4(d) Rule and Marine Mammal Protection Act

In making the decision to list the polar bear as a threatened species, Kempthorne also announced he was using the authority provided in Section 4(d) of the ESA to develop a rule that states that if an activity is permissible under the stricter standards imposed by the marine Mammal Protection Act, it is also permissible under the Endangered Species Act with respect to the polar bear.  This rule, effective immediately, will ensure the protection of the bear while allowing us to continue to develop our natural resources in the arctic region in an environmentally sound way.

The conservation measures provide that the production, interstate sale, and export of native handicrafts by Alaska natives may continue and that the subsistence harvest of polar bears is not affected.

ESA Not Intended to Regulate Global Climate Change

In making the announcement today, Secretary Kempthorne reiterated President Bush’s statement last month that the ESA was never intended to regulate global climate change.  “Listing the polar bear as threatened can reduce avoidable losses of polar bears.  But it should not open the door to use of the ESA to regulate greenhouse gas emissions from automobiles, power plants, and other sources,” said Kempthorne.  “That would be a wholly inappropriate use of the ESA law.  The ESA is not the right tool to set U.S. climate policy.” 
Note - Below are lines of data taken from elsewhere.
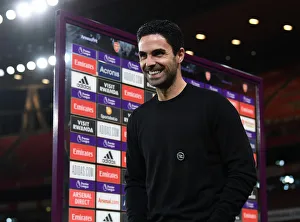 Arsenal vs Leicester City: Mikel Arteta's Pre-Match Insights (2020-21) - Emirates Stadium (Behind Closed Doors)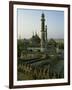 Mosque in Grounds of the Bara Imambara, Lucknow, India-John Henry Claude Wilson-Framed Photographic Print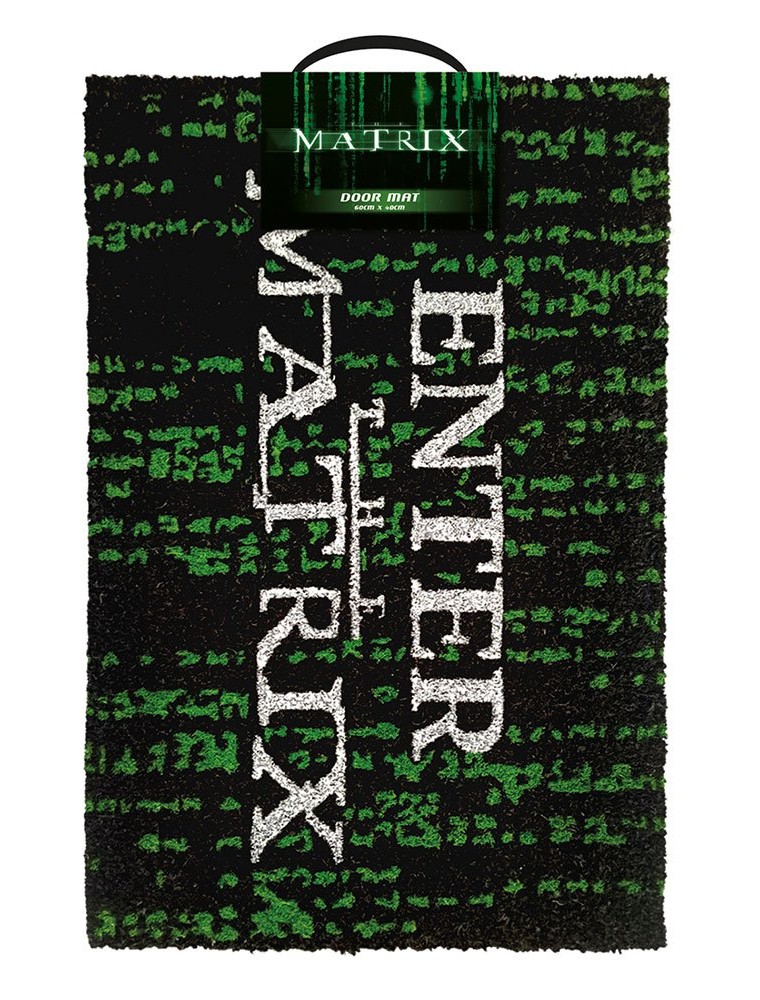 Matrix Zerbino Enter The Matrix 40 X 60 Cm Pyramid International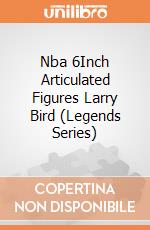 Nba 6Inch Articulated Figures Larry Bird (Legends Series) giochi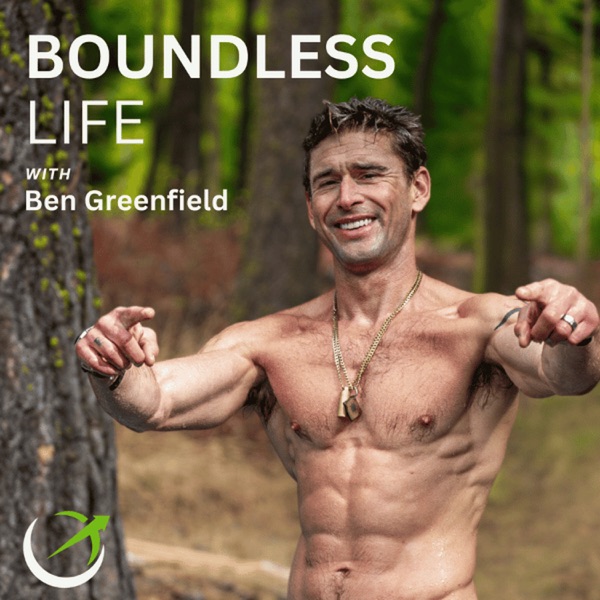 Ben Greenfield Life cover art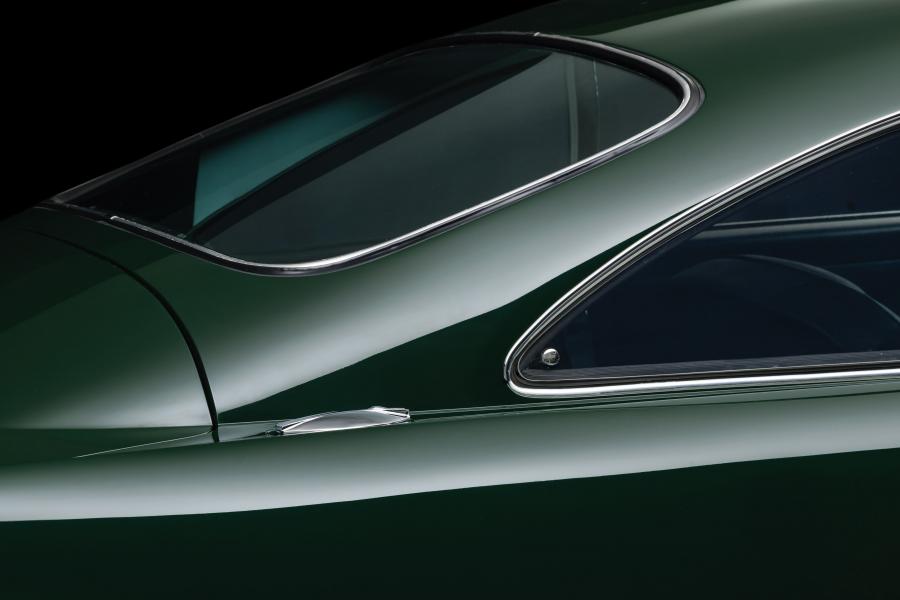 Детали экстерьера Aston Martin DB4 GT 1959 года  (UK) (фото 11 из 42)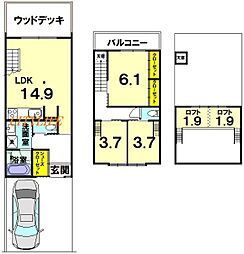 京都市左京区下鴨西高木町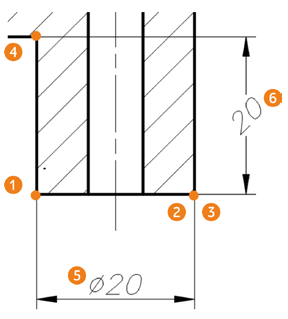 Размеры в AutoCAD с примерами - нанесение, простановка и настройка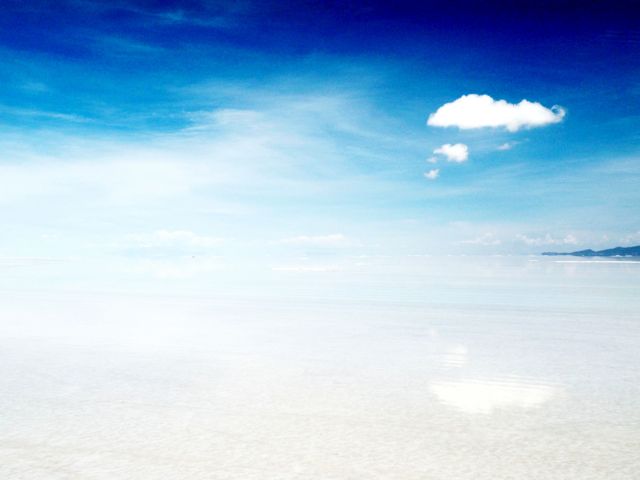 Salar de Uyuni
Last month President Bush said, “The Clean Air Act, the Endangered Species Act and the National Environmental Policy Act were never meant to regulate global climate change.”
He said, “There is a right way and wrong way to approach reducing greenhouse gas emissions.  The American people deserve an honest assessment of the costs, benefits and feasibility of any proposed solution.  Discussions with such far-reaching impact should not be left to unelected regulators and judges but should be debated openly and made by the elected representatives of the people they affect.” Kempthorne said, “This Administration has taken real action to deal with the challenges of climate change.”

Our incentives for power production from wind and solar energy have helped to more than quadruple its use.  The President explained we have worked with Congress to make available more than $40 billion in loan guarantees to support investments that will avoid, reduce, or sequester greenhouse gas emissions or air pollutants.  In remarks on April 16, the President said that the Administration and the private sector plan to dedicate nearly a billion dollars to clean coal research and development.

Memorandum of Understanding with Canada
Kempthorne acknowledged Canada has not listed polar bears as threatened even though they have two-thirds of the world’s population of the species.  “Last week, I went to Canada and explored this issue.  The Canadian law is different from U.S. law with respect to endangered species, both in its criteria for listing and administrative process for making listing determinations.”

While in Canada, Kempthorne signed a Memorandum of Understanding with his Canadian counterpart, John Baird, the minister of environment, for the conservation and management of polar bear populations shared by the U.S. and Canada.  

Next Steps
To make sure the ESA is not misused to regulate global climate change, Kempthorne promised the following actions:

The U.S. Fish and Wildlife Service is proposing a 4(d) rule that states that if an activity is permissible under the stricter standards of the Marine Mammal Protection Act, it is also permissible under the ESA with respect to the polar bear.  This rule, effective immediately, will ensure the protection of the bear while allowing us to continue to develop our natural resources in the arctic region in an environmentally sound way.
Director Hall will issue guidance to staff that the best scientific data available today cannot make a causal connection between harm to listed species or their habitats and greenhouse gas emissions from a specific facility, or resource development project or government action.
The Department will issue a Solicitor’s Opinion further clarifying these points.
The Department will propose common sense modifications to the existing ESA regulatory language to prevent abuse of this listing to erect a back-door climate policy outside our normal system of political accountability.
 
Additionally, the Department will continue to:

monitor polar bear populations and trends,
study polar bear feeding ecology,
work cooperatively with the Alaska Nanuuq Commission and the North Slope Borough for co-management of the polar bears in Alaska,
provide technical assistance to the participants of the 1988 North Slope Borough Inuvialuit Game Council Agreement for the conservation of polar bears in the Southern Beaufort Sea region and monitor the effects of oil and gas operations in the Beaufort Sea region.